Upside Down Accordion: a Primer for Accordion-Fools Day
Last week this fine video by Kristofer Yffén made the rounds. Did you notice his curious accordion technique? (Spoiler, um the title of this post.)
Monkey Island 2 – Jojo the Monkey (Accordion version)
Many a novice accordionist has stumbled at this very first hurdle for learning the instrument, “How do you put this thing on?” A surprising number of now famous players made the same flip-a-coin mistake. Rowan, my own co-host on the Accordion Noir radio show is one of those who spent his entire first year playing the accordion upside down.
Since then Rowan has shared several meaningful seconds with beginners and saved them years of effort.
As I study the history of the accordion I have stumbled on some well-known accordionists who either started out and played “lefty” for a while, or stuck with it even when people told them they were doing it wrong.

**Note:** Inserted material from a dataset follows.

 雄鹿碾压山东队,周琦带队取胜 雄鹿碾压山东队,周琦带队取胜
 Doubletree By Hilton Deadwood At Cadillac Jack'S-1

Most famously perhaps, zydeco star Rockin’ Dopsie (“Doop-sie”) always played “Hendrix-style,” and while he didn’t claim virtuosity, he got the job done plenty well.
Helen Carter of the Carter Sisters played for a while that way too:
Helen was befuddled by the accordion. ‘This thing is just totally backwards to the piano,’ she’d complain. Still, under her father’s insistent gaze, Helen kept at the awkward, heavy instrument. And it went a lot easier for her after a date the Carters played in Louisville, where she got some advice from the more studied eye of Pee Wee King. ‘Hey,’ he asked Helen, ‘did you know you’ve got that on upside down?'” (Will You Miss Me When I’m Gone?: the Carter Family and their legacy in American Music, Mark Zwonitzer and Charles Hirshberg. (Simon and Schuster, New York, 2002) pg 269-270)

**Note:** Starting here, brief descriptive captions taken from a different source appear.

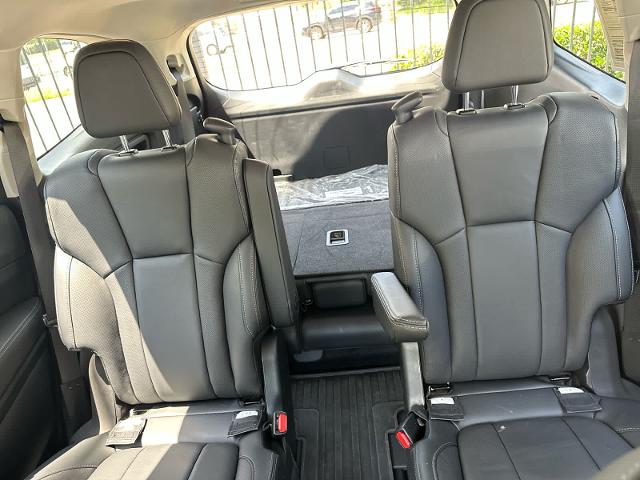 2025 Subaru Ascent Vehicle Photo in DALLAS, TX 75209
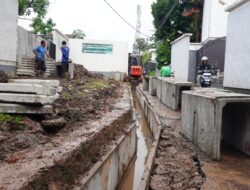 Di Balik Pembangunan Drainase TMMD, Ada Asa Warga Sukamaju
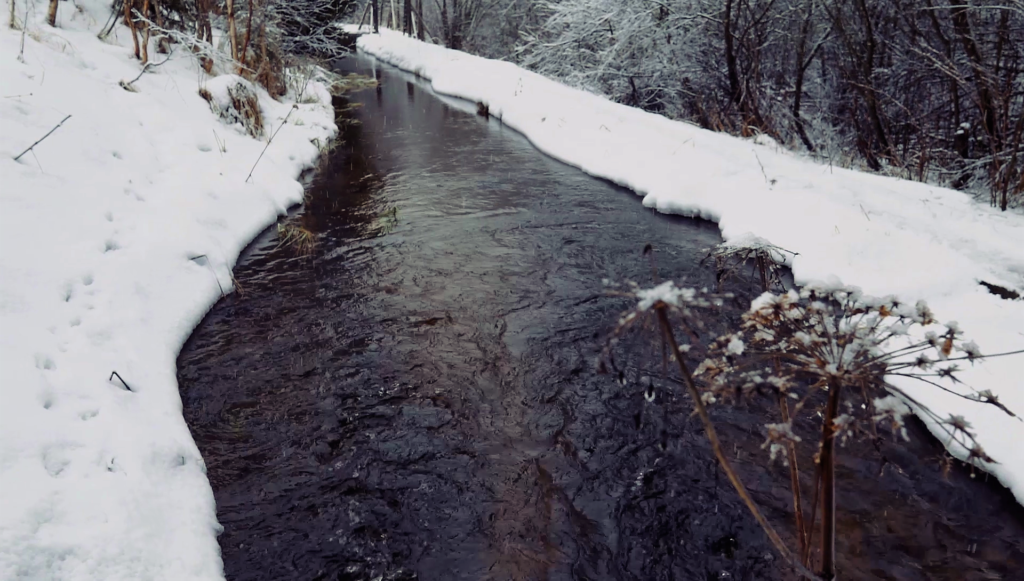 řeka
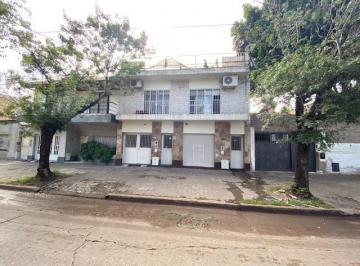 Casa · 160m² · 4 Ambientes · 3 Cocheras · Casa de 3 Dorm.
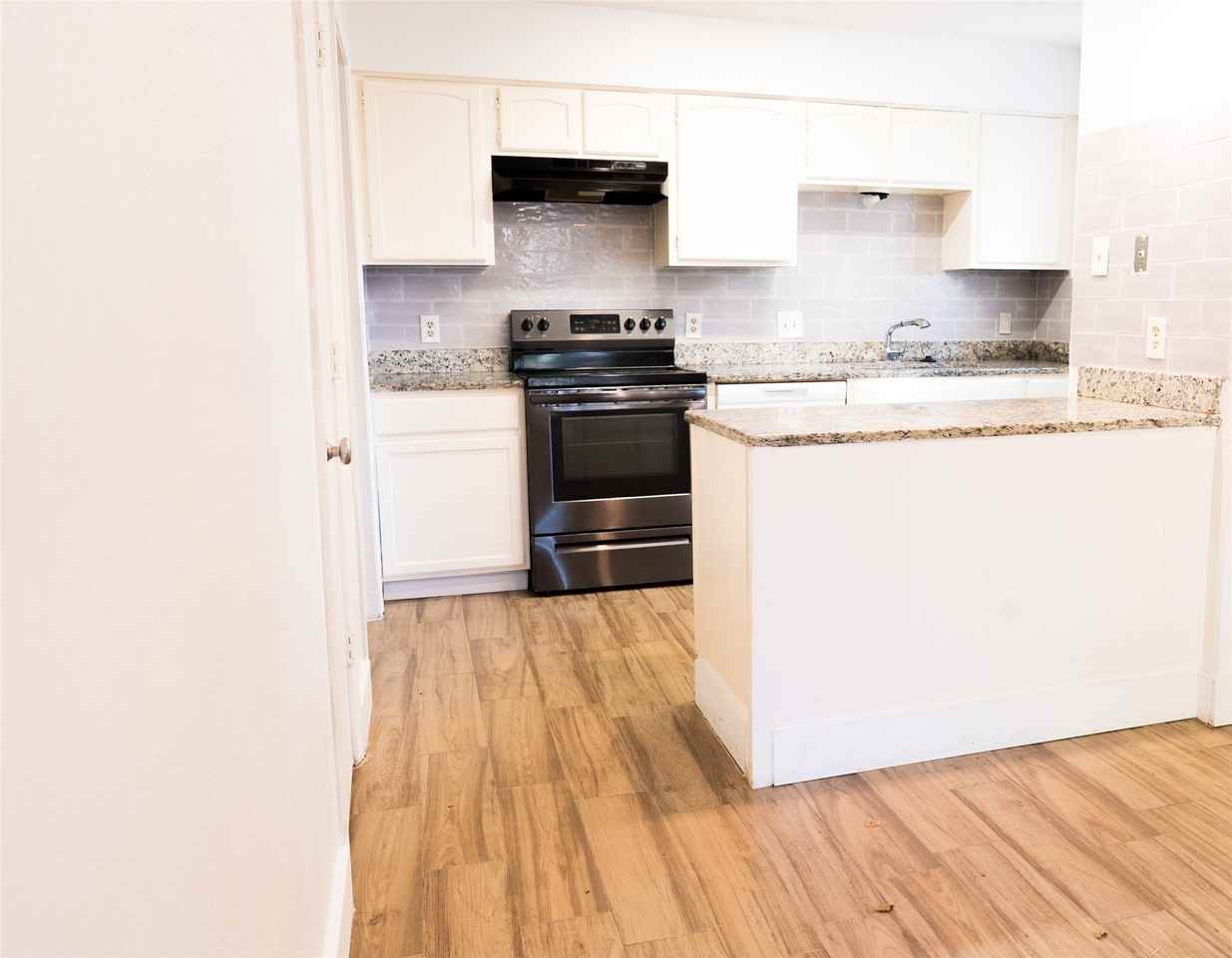 2904 S Fielder Rd - Photo 5 of 21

Not all leftist accordionists are to be trusted though. The vid for Gurus and Rockstars by Forest Sun with accordionist Ingrid Serban is either a twisted lie or maybe a selfie camera mix-up which I missed until she pointed it out to me. You can usually tell by looking at a full-size accordion since the (normally) left-hand buttons should slant down, but if they’re on the left they should slant up. Unless I’m confused.

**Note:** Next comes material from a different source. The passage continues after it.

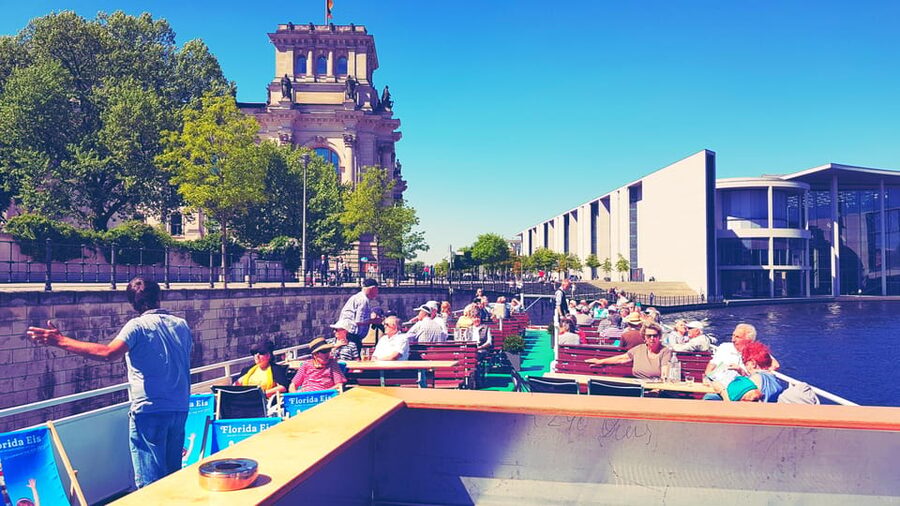 Berlin: 3.5-Hour Sightseeing Cruise on the Spree River - The Chancellery, Central Station, and Reichstag from the river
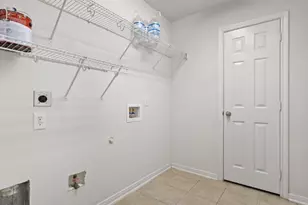 8817 Sunforest Ln, Pearland, TX 77584 - Photo 16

Gurus and Rockstars – Forest Sun & Ingrid Serban
This one I found after I posted about the Russian garmon accordion a few weeks ago. It’s an old man looking very cold. Easy to imagine sad Russian accordion music, no? I had to do some research to figure out that, yes, his garmon is upside down (the photo isn’t simply reversed). Somehow that “self-taught” musician aspect makes it even more poignant.
Other Upside-Squeezers? Sabin Jacques, from Beaumont, Quebec. I’d love to see him demonstrate in person.
Alfredo Gonzalez from Los Tucanes de Tijuana (and before that Explosión Norteña). Marketers take note, these bands have hundreds of photos on their site posing with their fans after every show. That’s some face-to-face music of the people. And his neon accordion rocks.
Historical mystery swaths “Bill (from Ohio)” who played upside-down piano accordion with Cajun/Western-Swinger Leo Soileau in the 1930s. He keeps showing up in books and photos, but nobody seems to know anything more about him? Where’d you go Bill? Back to Ohio?
Literary accordionists have had their sinister moments. In Annie Proulx’s book Accordion Crimes there’s a passing character who had an injured right hand but he notably did not die in the course of what is at times a gruesome novel. “He held the accordion upside down and played a religious number after announcing that music was the gift of God and that he regularly turned down lucrative offers to play to roadhouses, pledging his talent to a higher power.” (pg 173 in the 2003 paperback.) There you go, promise to stay out of bars and you might survive your literary debut.
Finally, despite his ongoing educational efforts, my co-host Rowan’s band The Creaking Planks just released millions of t-shirt-like polyps into the sea with a talented octopus accordionist begging the question of whether “upside down” applies to underwater.
And, I don’t think we’ll get around to another post so then there’s this guy, playing his synth-accordion flat on his lap like a typewriter – no bellows required. I’ve actually thought about something like this for my “author’s photo” if I get my book done. Maybe I’ll be typing “Moscow Nights” too.
Take home lesson from all this? Do what you like and whatever works. But I gather the reason people play accordions right way around is because the chord buttons are arranged so they’re easier to finger with your left hand. There, we’re educational, job done.